- Raw data:

▬▬▬▬▬▬▬▬▬▬

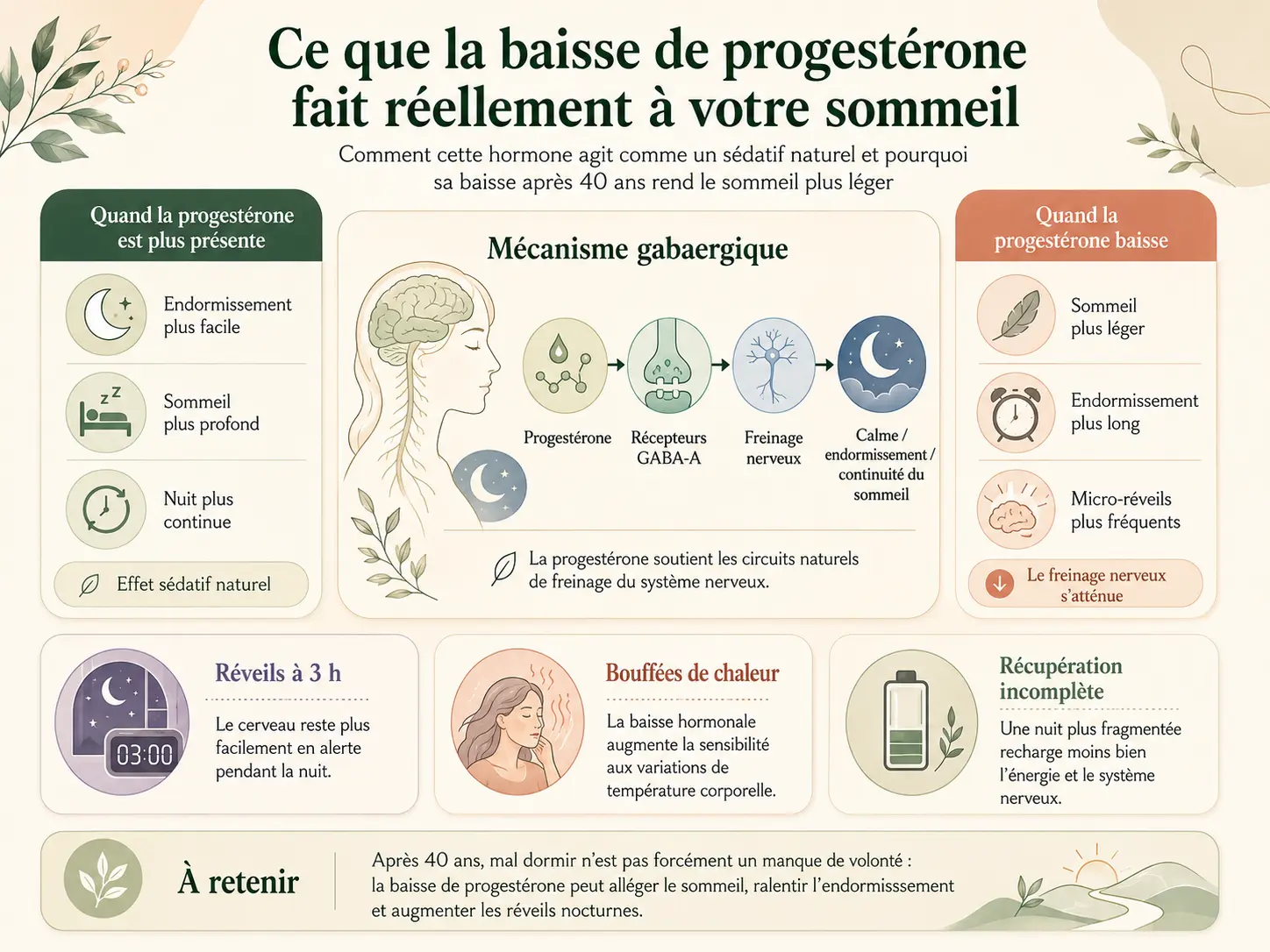 Schéma Holix du mécanisme GABA-A de la progestérone : comment cette hormone agit comme sédatif naturel et pourquoi sa baisse après 40 ans allège le sommeil féminin.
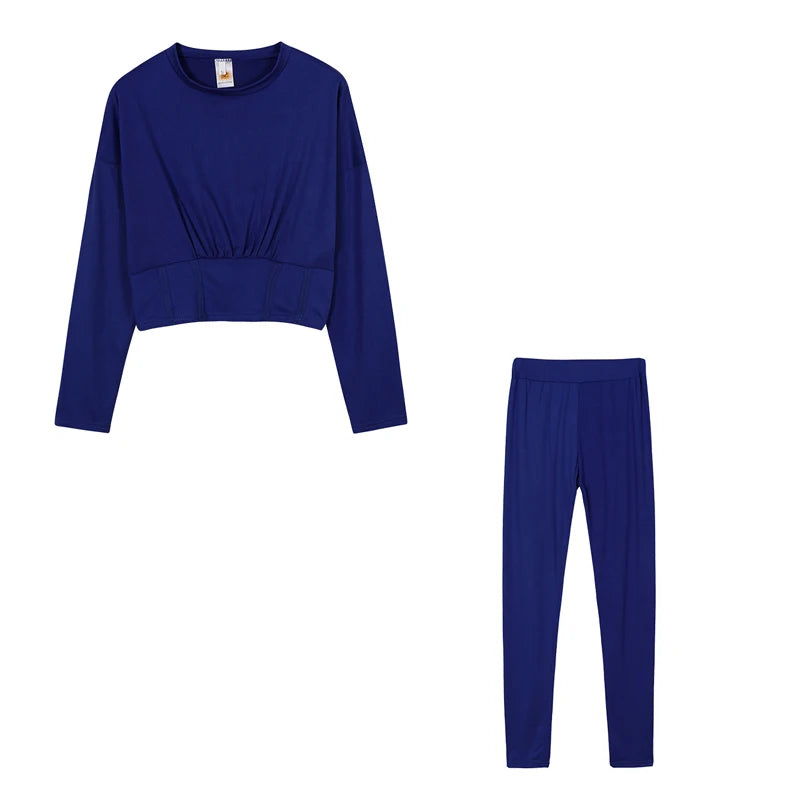 Women's Solid-Color Two-Piece Casual Outfit
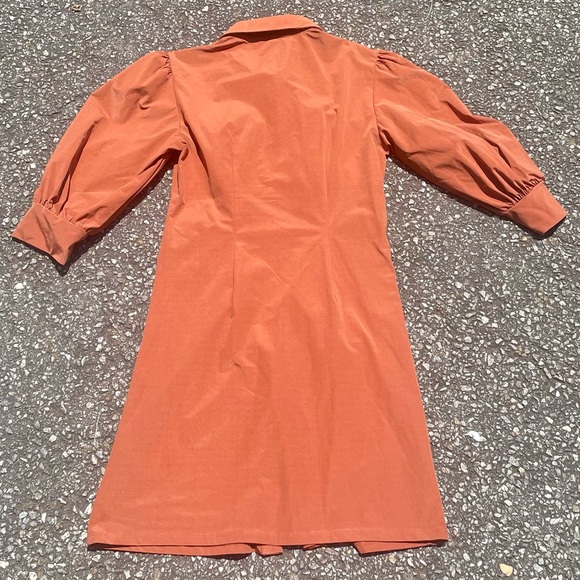 Burnt Orange Ruched Mango Mini Shirt Dress Puffed Sleeves Summer Workwear Size M - Picture 2 of 4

▬▬▬▬▬▬▬▬▬▬

- Work to complete:
Give back, word for word, the lines from the one containing "Women's Solid-Color Two-Piece Casual Outfit" through the last line of the listing above; include both ends and exclude the pictures.

- Your solution:
 Women's Solid-Color Two-Piece Casual Outfit
 Burnt Orange Ruched Mango Mini Shirt Dress Puffed Sleeves Summer Workwear Size M - Picture 2 of 4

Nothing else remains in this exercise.